18th November 2022
MEDIA RELEASE ON THE COURT OF APPPEAL DECISION IN ABAYO JOSEPH WAIGO V ASERUA JACKLINE
The Women’s Probono Initiative has analyzed the recent Court of Appeal judgement in the case of Ambayo Joseph Waigo vs. Aserua Jackline, Civil Appeal No. 100 of 2015. We acknowledge that there are some protective principles laid out in the case, however from the feminist perspective, we flinch on the decision’s regressive aspects.

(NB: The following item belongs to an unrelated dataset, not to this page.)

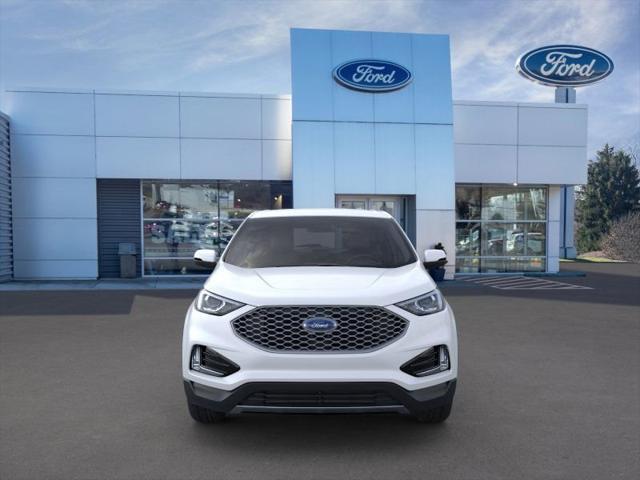 new 2024 Ford Edge car, priced at $35,700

This is a manifestation of a bigger issue in our legal system’s failure to address the systemic discrimination of women. We agree with the principles in law set out by the justices that marriage does not give a spouse an automatic half-share in the matrimonial property and that a spouse’s share is dependent on his or her contribution. However, it is problematic that a wide discretion is left to judges to determine what percentage a spouse’s non- monetary contribution is valued at. This all stems from gaps in our legal framework. A case in point is the distribution of matrimonial property, where our Divorce Act fails to address current issues. The divorce act was enacted in 1904 and although it has been periodically amended, largely by case law, it has never undergone a comprehensive overhaul to update it for recent times. It therefore remains archaic and colonial in nature and the effects can be seen in how judges struggle to apply principles of equality.
Feminist authors have opined that under the present divorce system in which divorce awards neither close the earnings gap nor account for the full costs of child rearing, women are asked to “meet greater demands with fewer resources” than their former husbands. In light of this, the decision has a big bearing on subtle nuances of discrimination, GBV and the indignity allotted to women’s contributions in marital relationships.
Women’s efforts in the private sphere are grossly underestimated, undervalued by and large and is not taken into consideration especially in the evolving time where women can still birth children, nurture them and still go out to earn a living.
We therefore call for the overhaul of the Marriage Act and Divorce Act to deal with current issues and move away from the colonial and archaic laws.